283 - Trocar operação compromissada por depósito voluntário (reserva remunerada) faria a dívida pública cair de 75 para 40% do PIB como diz Lara Resende? Alexandre crê que não, pois esses depósitos voluntários possivelmente só ficariam lá com uma remuneração a la SELIC atual, o que no fim das contas geraria a mesma despesa (juros sobre a “não-dívida), apenas maquiando a dívida real. (...) De uma forma (compromissada), ou de outra (depósitos remunerados), o BC seguiria pagando juros aos detentores de títulos ou depósitos.

284 - No Brasil, ao contrário do que ocorre em outros países, o Banco Central é como que “consolidado” dentro do governo geral. Como o Tesouro é seu único acionista, os títulos emitidos pelo Tesouro para o BC não são contabilizados na dívida bruta, já que o Tesouro deve para si mesmo. (...) Por outro lado, os títulos usados nas compromissadas, que estão fora do balanço do BC (portanto fora do balanço “consolidado” do governo geral), são contabilizados na dívida.

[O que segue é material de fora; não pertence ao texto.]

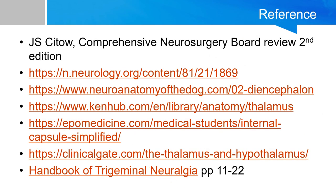This is part one of the thalamic video, and we will cover the rest of the nuclear groups — mostly the lateral groups — in the next video. These are my references, and I hope you find this helpful. We'll see you next time.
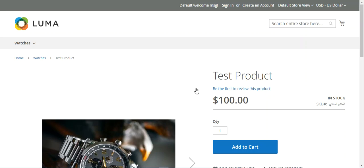Hello and welcome to this new video tutorial of Magento 2. In today's video tutorial we'll be checking out how to create a simple product in Magento 2 with custom options. Adding customizable options to a product is an easy way to offer a selection of options with a variety of text, selection, and date input types. Customizable options are a good solution if your inventory needs are simple.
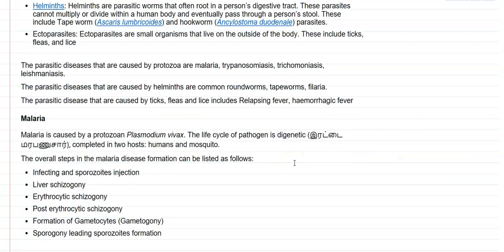Parasitic diseases commonly caused by protozoan infections include malaria, which is caused by the biting of mosquitoes. Trypanosomiasis, also referred to as African sleeping sickness, is commonly caused by transmission through the tsetse fly. Trichomoniasis and leishmaniasis are also protozoan diseases. Leishmaniasis is caused by the protozoa Leishmania donovani and is transmitted with the help of sand flies.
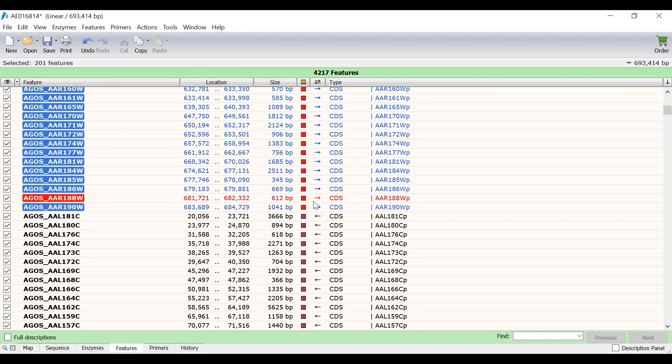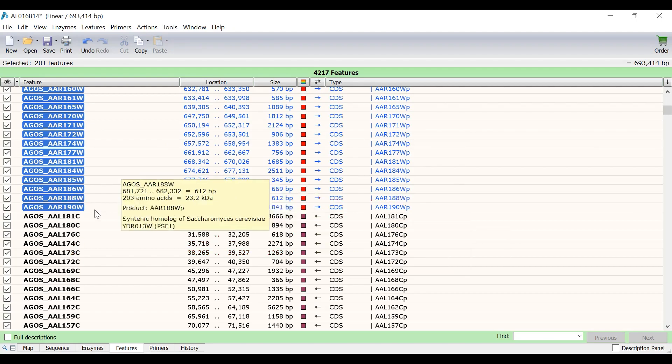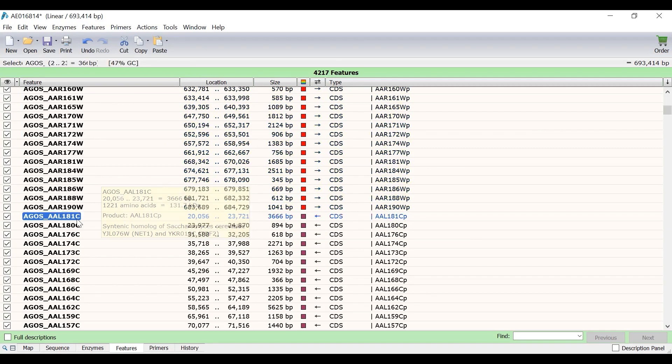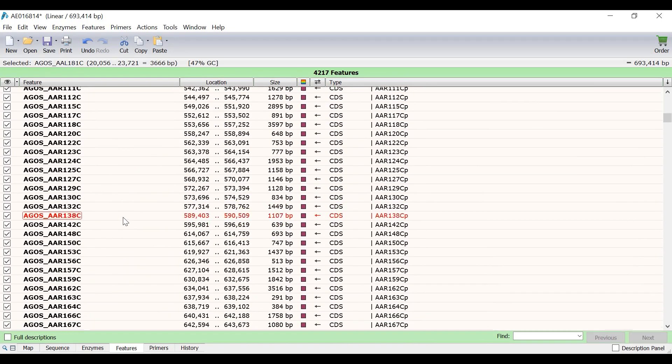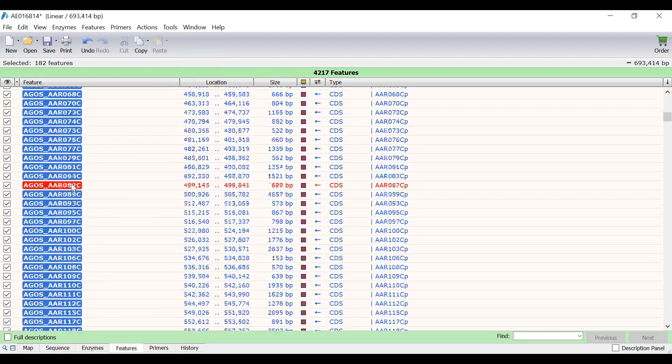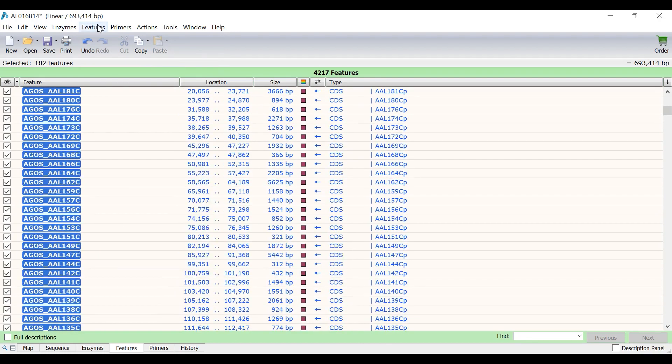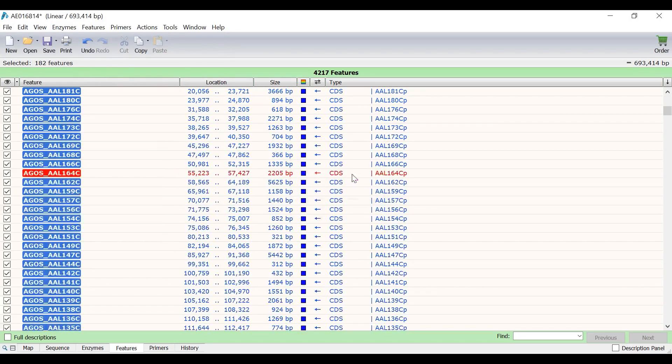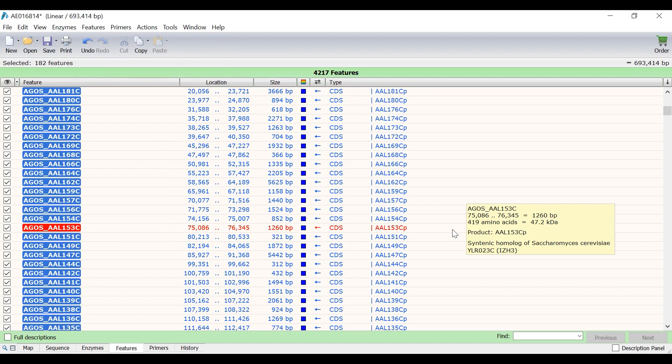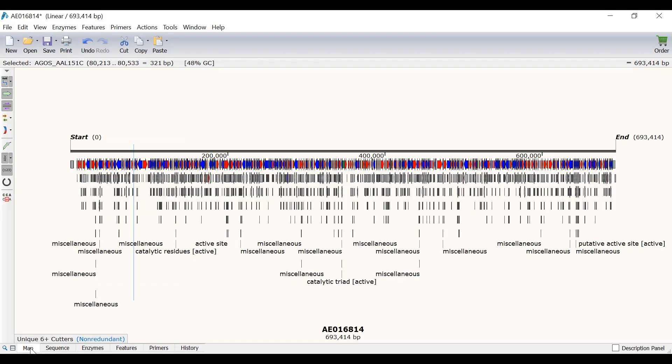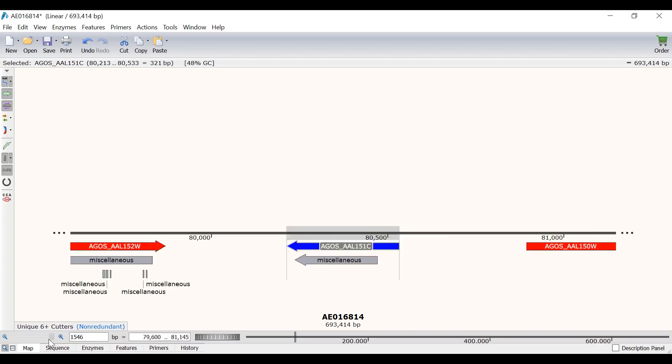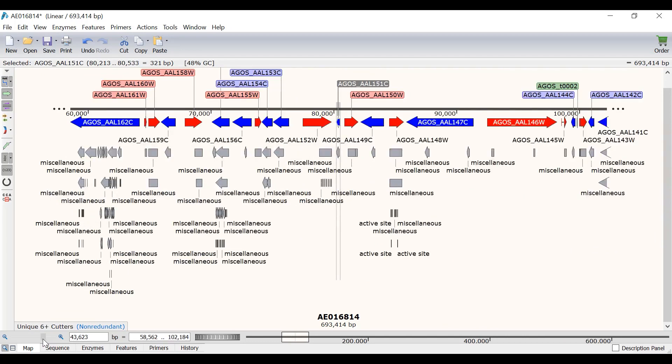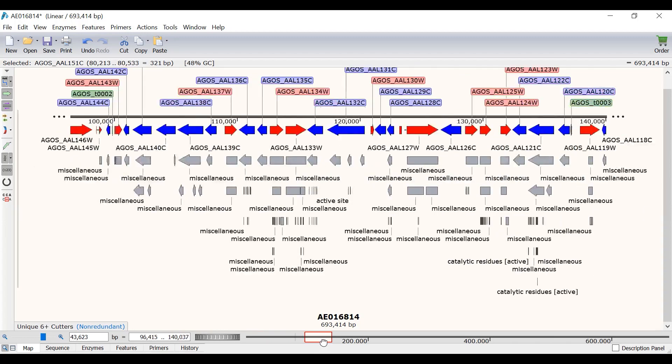Next, I will select all of the coding sequences in the reverse direction by clicking on the first entry and shift clicking on the last. Again, I will go to Features, Feature Color and this time select Blue. Now, if I go to Map View, I can see how these colour changes have changed the appearance of the features. By using the zoom tools at the bottom, I can zoom in and scroll around the chromosome to easily identify the coding sequences based on their directionality.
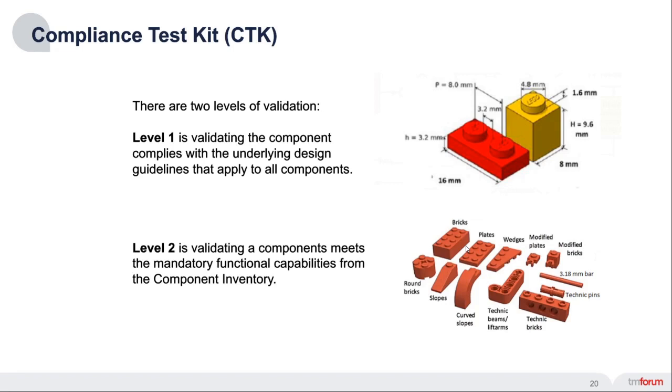There's a good analogy with LEGO where there's a set of underlying design guidelines that every LEGO block must meet, and then there's a variety of individual specified LEGO blocks that you could build.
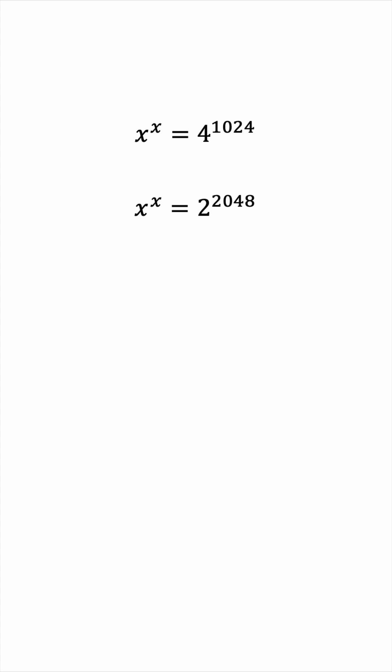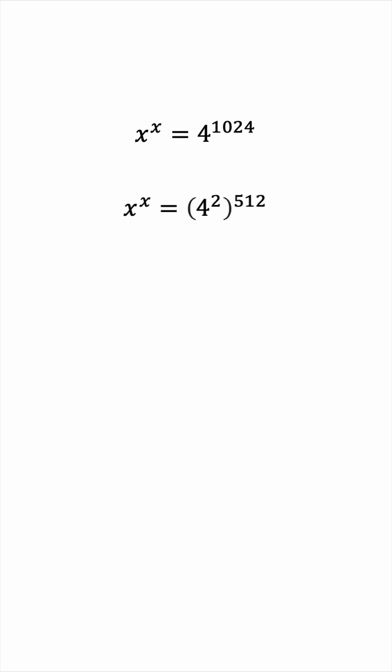Instead, let's try to work with the exponent. Let's write it as 2 times 512. And now using the same law of indices, we can write this as 4 squared raised to the 512. And 4 squared is 16. So this is progress. We increased the base and decreased the exponent. So they're closer to matching each other.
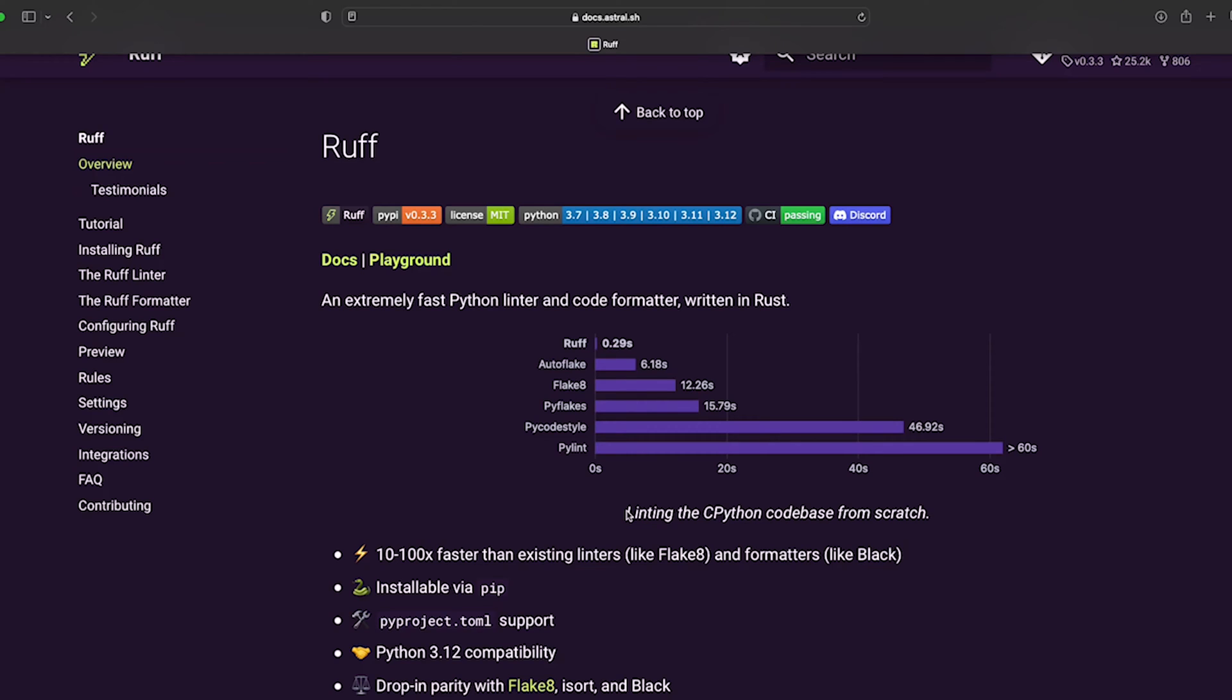Hey guys, welcome to this session on the Ruff formatter and linter. In my view, this is an absolute game changer. This is awesome.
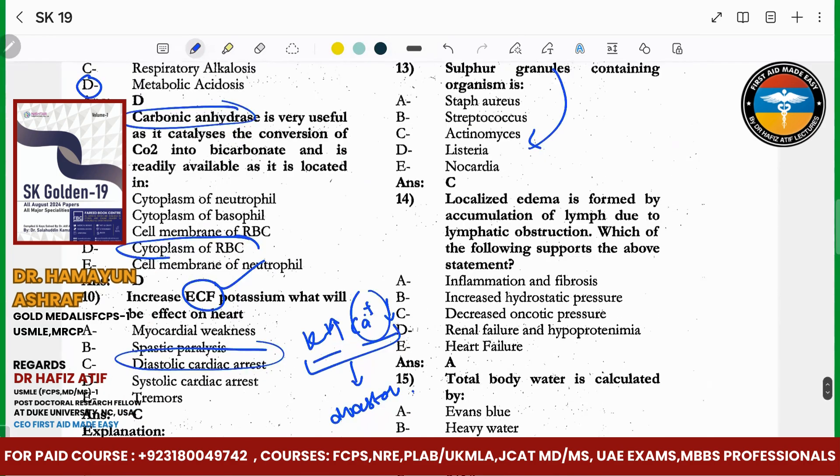This is a patient with lymphatic obstruction, inflammation and fibrosis.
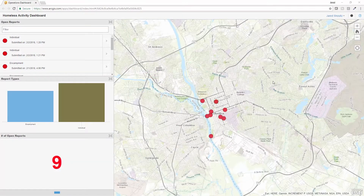Having real-time insight into the status and location of each open report of homeless activity is crucial for different program managers to ensure all responses are timely and to help allocate the correct resources needed to respond. The homeless activity dashboard provides this configurable capability to meet the diverse needs of different types of organizations.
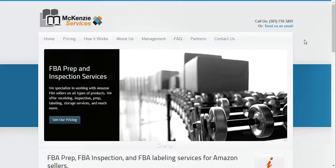Hi, my name is Jim Smith. I'm the CEO of McKenzie Services and today I'll be discussing what makes McKenzie Services different from all the other FBA prep service companies that are out there.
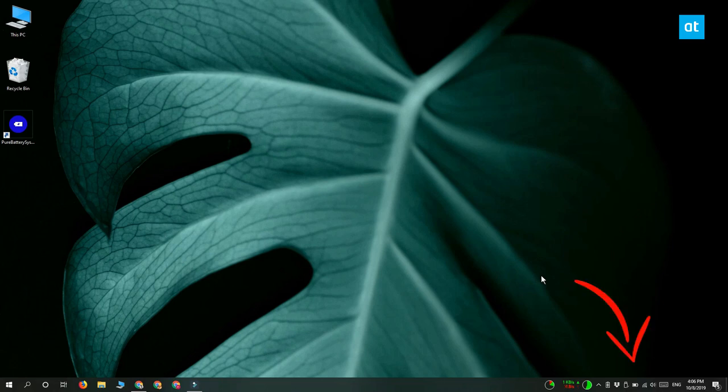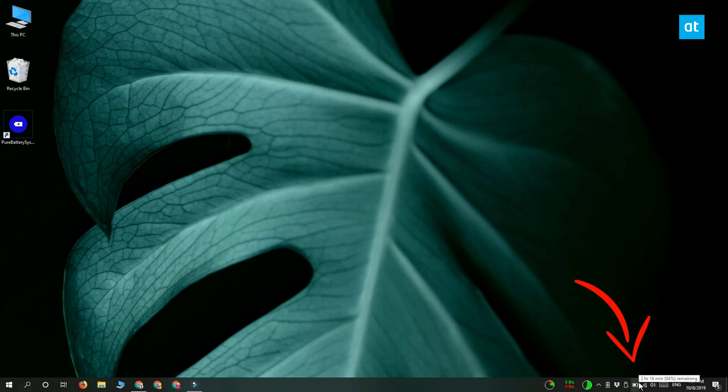Now if you're running a laptop with Windows 10 on it, you have this battery icon in the system tray and if you hover your mouse over it, you get this tooltip telling you how much of your battery is remaining and how much time you can get out of it.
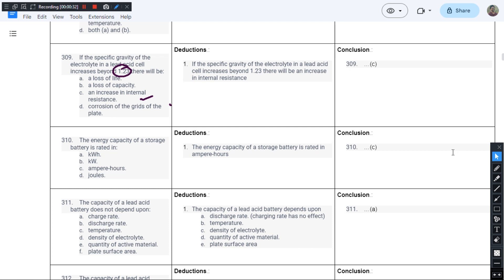For question number 3, the correct answer is option C. If the specific gravity of the electrolyte in the lead acid cell increases beyond 1.23, there will be an increase in the internal resistance.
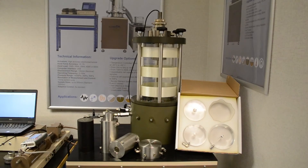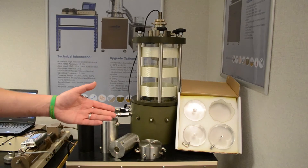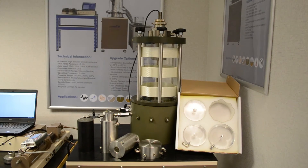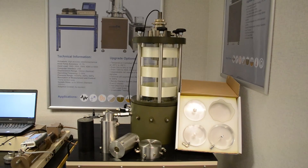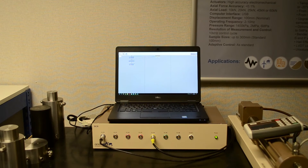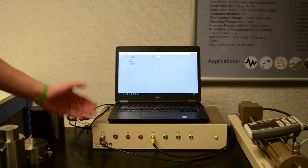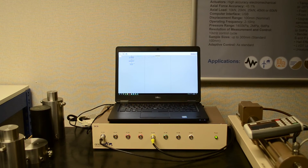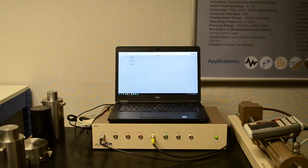Here we have a sample of the pedestals and top caps that can be used with the system. The standard system supports samples up to a diameter of 100 millimetres and a height of 200 millimetres. The standard system comes with an eight-channel high-speed data acquisition unit that both controls the system and records the data from the transducers that are connected via the GDS software, GDS Lab.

285 - Coloca que o Brasil inclusive deveria contar sim o título que o Tesouro emite para o BC fazer política monetária. Caso seguíssemos o critério da maioria dos países (que, diga-se, era o que fazíamos até 2007), nossa dívida já estaria próxima a 90% do PIB, como ilustrado abaixo. Detalhe: o artigo é de janeiro de 2020, ou seja, pré-COVID.

286 - Essa coisa de “dívida interna não é um problema”, de Lara Resende, eu também não como. Se gera juros é problema, pois estes tendem, na CNTP, a crescer e sugar orçamentos. E corrigir isso sem gerar inflação é bem difícil. O “não-pagamento” ou “confisco” seria uma “solução futura”, mas o impacto na economia real seria inegável, segundo Alexandre, tendo em vista a Era Collor e a queda de 8,6% do PIB na época em onze trimestres.

287 - O que Lara Resende não conta, porém, é que BCs só se engajaram no QE quando não foi mais possível reduzir a taxa de juros de curto prazo. (...) De fato, como moeda tem rendimento zero, ao menos numa primeira aproximação não seria possível trazer a remuneração dos títulos de curto prazo abaixo de zero. Sabemos agora que isso não é exatamente verdade por força de regulações e custos de se manter moeda corrente, mas, ainda assim, se não exatamente zero, sabemos haver limitações para reduzir a taxa de juros abaixo de algum patamar não muito distante dele.

288 - Enfim, seria possível reduzir a taxa de juros lá porque se esperava que a inflação fosse ficar na meta mesmo assim. Se não há essa expectativa aqui...

289 - Lembrando que emissão de moeda é meter taxa zero, já que o governo não vai mais remunerar juros (e sim se autofinanciar) e abrir mão do enxugamento de liquidez.